Note: I'm assuming 1.9.X version of String.
···
On Mar 30, 2011, at 2:08 PM, 7stud -- wrote:
Patrick Tyler wrote in post #990031:
Hello,
I know that this has been covered a bit here:
Ruby string slice/[] w/ range, weird end behavior - Ruby - Ruby-Forum but I'm still not certain that I
understand.
s = "foo"
s[3] is nil, like I would expect.
s[3,0] is "", instead of nil.
That behaviour is contrary to the description in the 1.9.2 docs here:
class Array - RDoc Documentation
+---+---+---+---+
> a | b | c | d |
+---+---+---+---+
0 1 2 3 4 <-- numbering for two argument indexing or start of range
-4 -3 -2 -1
The common (and understandable) mistake is too assume that the semantics of the single argument index are the same as the semantics of the *first* argument in the two argument scenario (or range). They are not the same thing in practice and the documentation doesn't reflect this. The error though is definitely in the documentation and not in the implementation:
single argument: the index represents a single character position within the string. The result is either the single character string found at the index or nil because there is no character at the given index.
s = ""
s[0] # nil because no character at that position
s = "abcd"
s[0] # "a"
s[-4] # "a"
s[-5] # nil, no characters before the first one
two integer arguments: the arguments identify a portion of the string to extract or to replace. In particular, zero-width portions of the string can also be identified so that text can be inserted before or after existing characters including at the front or end of the string. In this case, the first argument does *not* identify a character position but instead identifies the space between characters as shown in the diagram above. The second argument is the length, which can be 0.
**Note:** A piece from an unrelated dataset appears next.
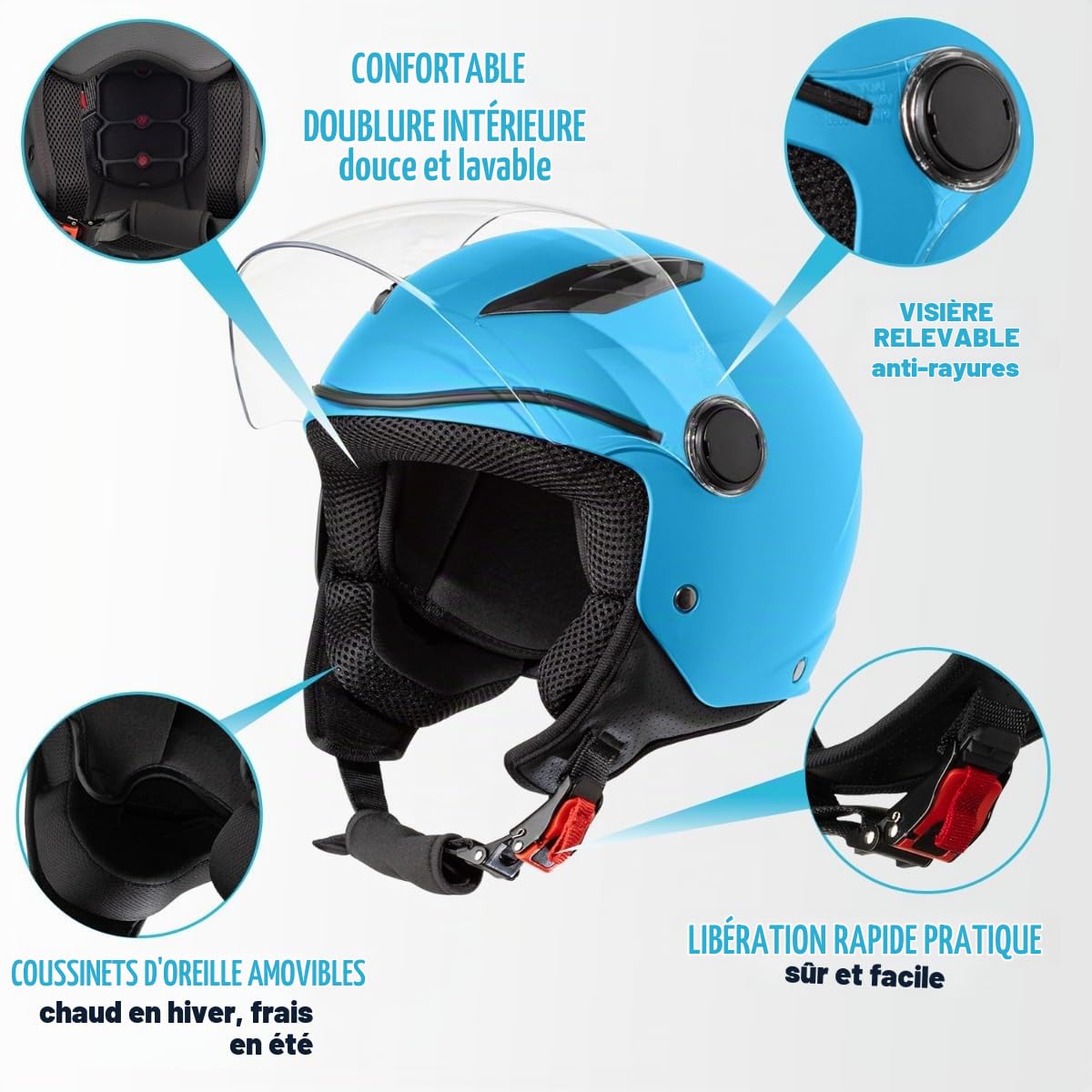 VINZ Magic Casque de Moto pour Enfant | Casque Jet en Tailles YS–YXL | Casque Enfant pour Moto, Scooter et cyclomoteur | Certifié ECE 22.06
s = "abcd" # each example below assumes s is reset to "abcd"
To insert text before 'a': s[0,0] = "X" # "Xabcd"
To insert text after 'd': s[4,0] = "Z" # "abcdZ"
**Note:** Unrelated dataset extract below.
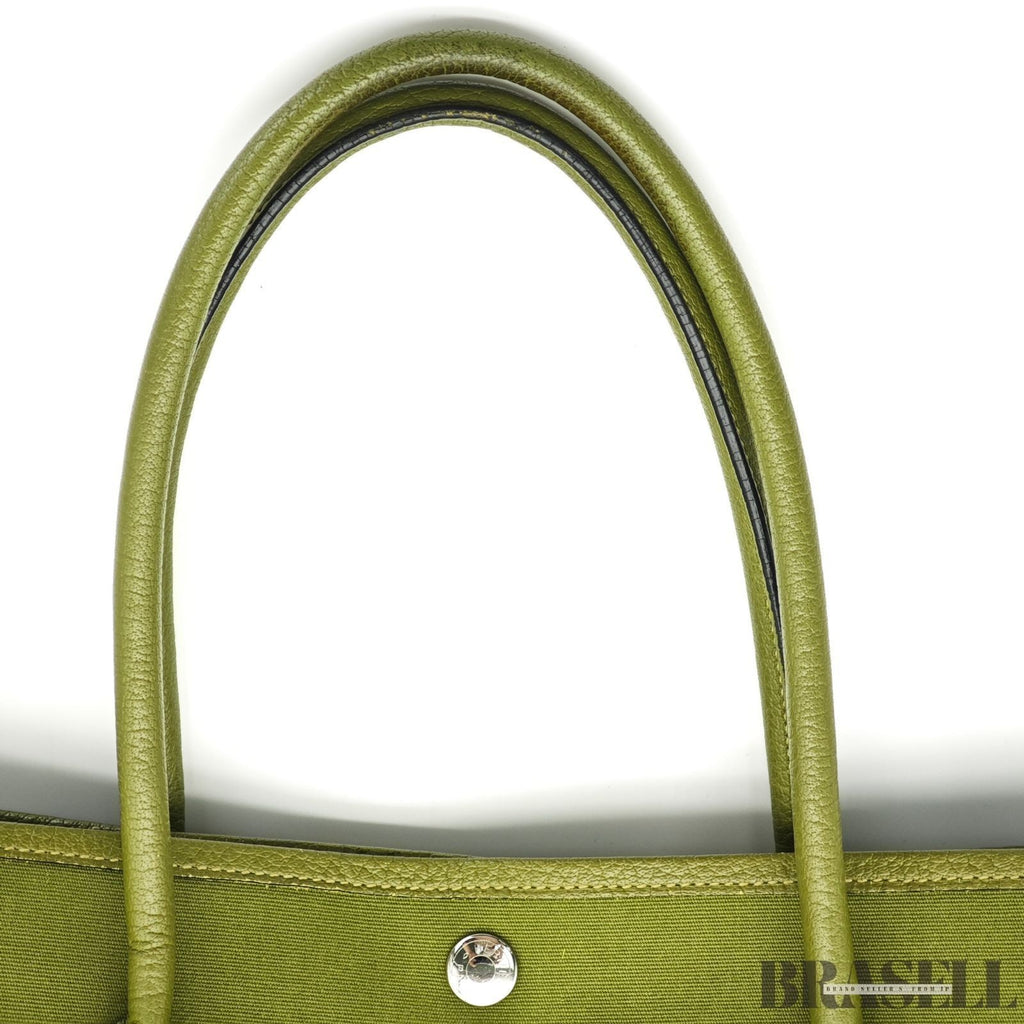 HERMES Garden Party MM Green Cobalt Canvas Leather Tote Bag Women’s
To replace first two characters: s[0,2] = "AB" # "ABcd"
To replace last two characters: s[-2,2] = "CD" # "abCD"
To replace middle two characters: s[1..3] = "XX" # "aXXd"
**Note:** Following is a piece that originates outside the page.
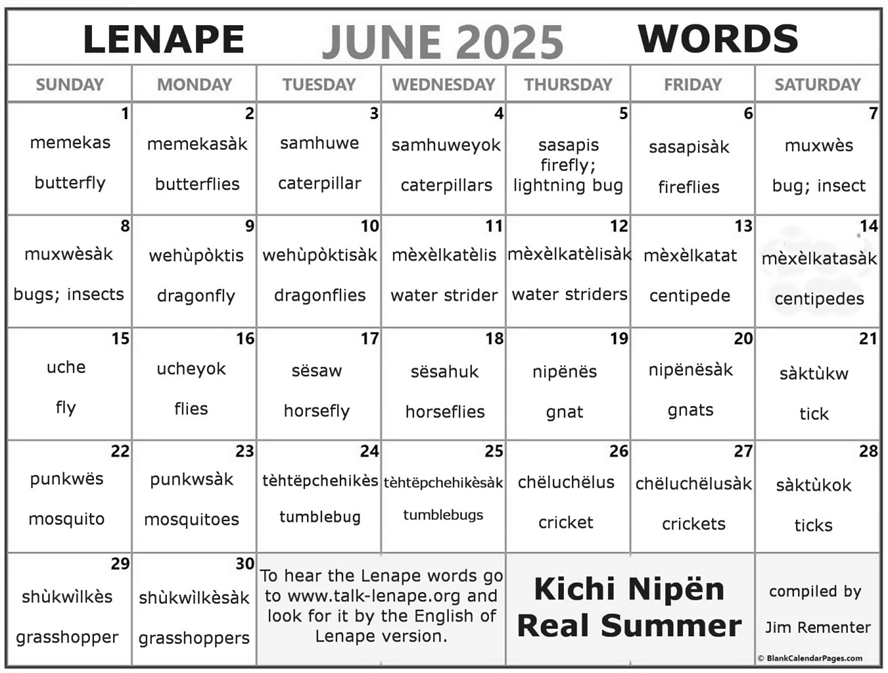 June 2025 Lenape Word-a-Day Calendar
The behavior of a range is pretty interesting. The starting point is the same as the first argument when two arguments are provided (as described above) but the end point of the range can be the 'character position' as with single indexing or the "edge position" as with two integer arguments. The difference is determined by whether the double-dot range or triple-dot range is used:
s = "abcd"
s[1..1] # "b"
s[1..1] = "X" # "aXcd"
s[1...1] # ""
s[1...1] = "X" # "aXbcd", the range specifies a zero-width portion of the string
s[1..3] # "bcd"
s[1..3] = "X" # "aX", positions 1, 2, and 3 are replaced.
s[1...3] # "bc"
s[1...3] = "X" # "aXd", positions 1, 2, but not quite 3 are replaced.
If you go back through these examples and insist and using the single index semantics for the double or range indexing examples you'll just get confused. You've got to use the alternate numbering I show in the ascii diagram to model the actual behavior.
Gary Wright